Ydessa Hendeles

Two Installations by Ydessa Hendeles

In a distinguished career as gallerist, collector and curator before she started to make her own works, Ydessa Hendeles has fashioned a distinctive space in the contemporary art world. Internationally renowned as a pioneering exponent of curating as a creative artistic practice, her groundbreaking work is widely discussed and embraced as a model by leading members of the new generation of curators emerging today. In her exhibition making and artistic practice, Hendeles often explores notions of difference and diversity, and especially the way representation and distortion, appropriation and assimilation can filter group and individual identities.

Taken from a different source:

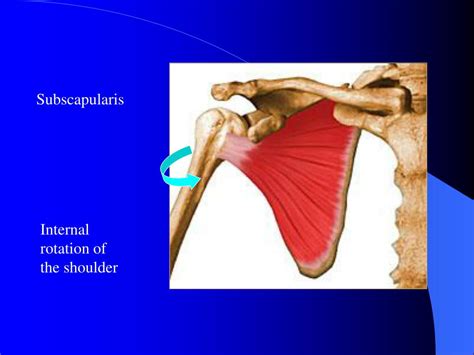 PPT - Shoulder region muscles PowerPoint Presentation, free download - ID:1718235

The Top Six Images:  “From Her Wooden Sleep”, 2013, utilises display to create a narrative space where appearances and roles are distorted. A vast collection of pseudo-human wooden mannequins, each subtly unique in size and expression, is arranged within its own gallery. These figures seem to form a distinct community, and confronted by them the visitor is suddenly cast in the position of ‘outsider.’

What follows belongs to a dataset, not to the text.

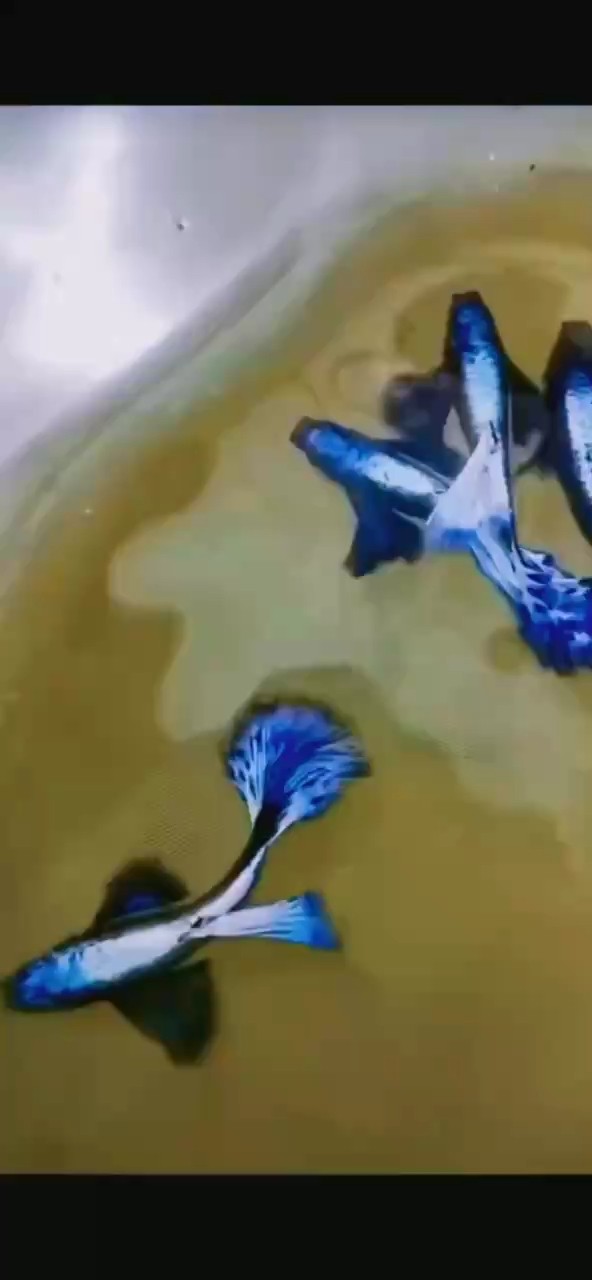 滿鱗亮背象耳島嶼天堂藍(lán)孔雀魚#孔雀魚 #高端孔雀魚#稀有孔雀魚 滿鱗亮背象耳島嶼天堂藍(lán)孔雀魚#孔雀魚 #高端孔雀魚#稀有孔雀魚 龍魚論壇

Despite their human likeness, shared characteristics of the mannequins separate them as a group, and their collective stare isolates the visitor, transforming him or her from the observer to the observed, the guest to the interloper. This space of distorted roles and perceptions is enhanced by a series of funhouse mirrors that line the perimeter of the space, contorting the reflections of visitors and making direct reference to the untrustworthy nature of representation.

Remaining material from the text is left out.